NEARLY a quarter of the Calderdale College lecturers went on strike yesterday over pay and pension cuts, directly affecting about 1,000 students.
Another protest took place against Government plans to cut funding for course for people who don’t speak English.
Tutors at Parkinson Lane School, Halifax, handed out leaflets and food to parents as they collected their children from school.
Spokeswoman Judith Boardman said mothers would be hardest hit by the cuts as they will not be able to afford to pay for classes in September.
Currently, ESOL classes are free to students in receipt of a range of benefits, including Job Seekers Allowance, Income Support, Working Tax Credits, Housing Benefit, or Council Tax Benefit.
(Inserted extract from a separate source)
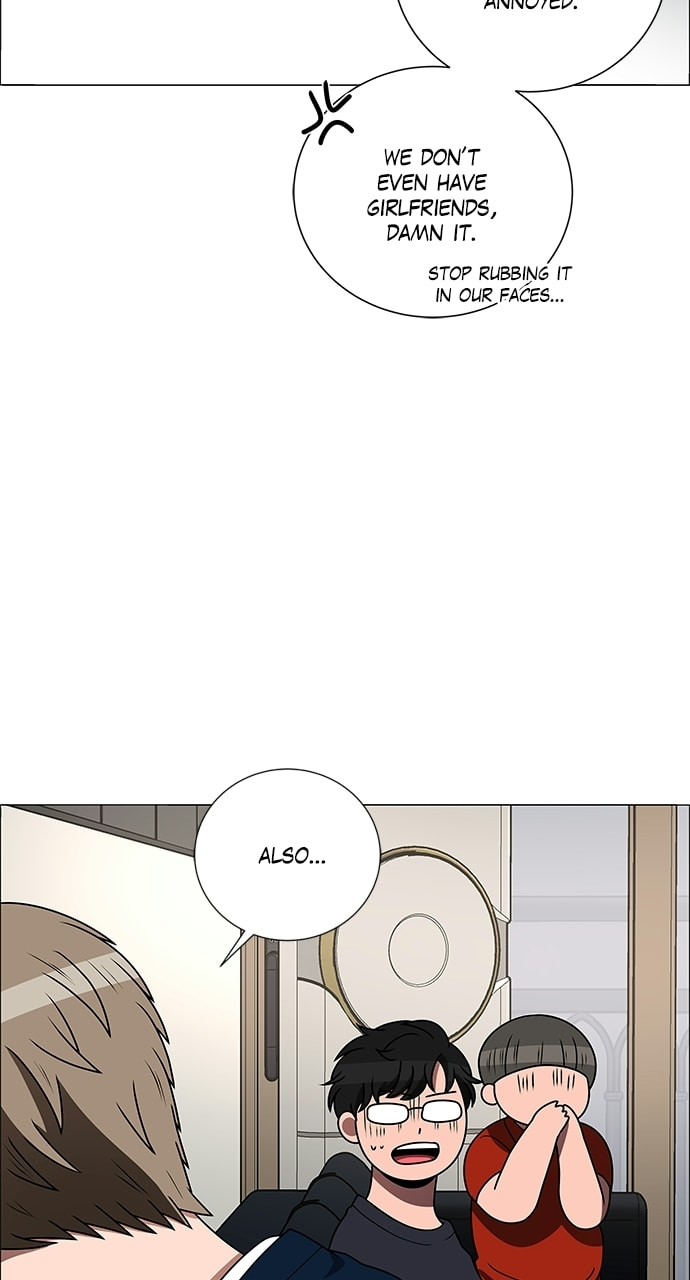Read No Scope chapter 196 image 23 on Lezhin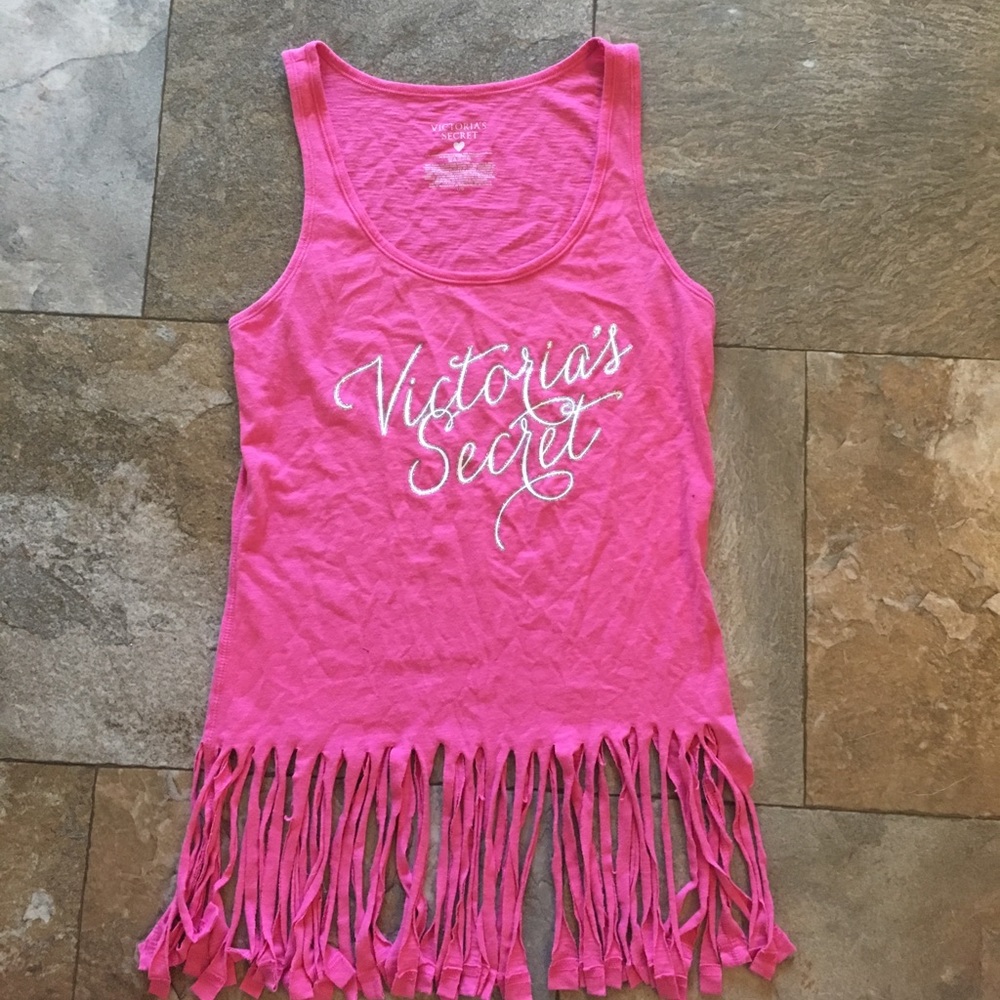 Victoria's Secret Tank Top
But from September 2011, only those getting JSA and some receiving the new Employment Support Allowance will be entitled to free classes.
The colleague protest directly involved 84 members of the University and College Union, who make up about a quarter of the college lecturers.
Calderdale UCU treasurer Richard Nelson said the union had rejected a 0.2 per cent pay rise from the Association of Colleges.
“It is a ridiculous amount when inflation is running at about 5 per cent and they failed to meet previous national pay agreements.
“We are also worried about changes to the Teacher’s Pension Scheme which will mean paying an extra 3 per cent a year, working longer and a loss of savings due to it changing from a final salary to an average salary scheme.”
All lecturers are also being asked to pay £68 a year to join the Institute for Learning, allowing them to teach in a classroom.
Yesterday’s action was part of a national day of protest.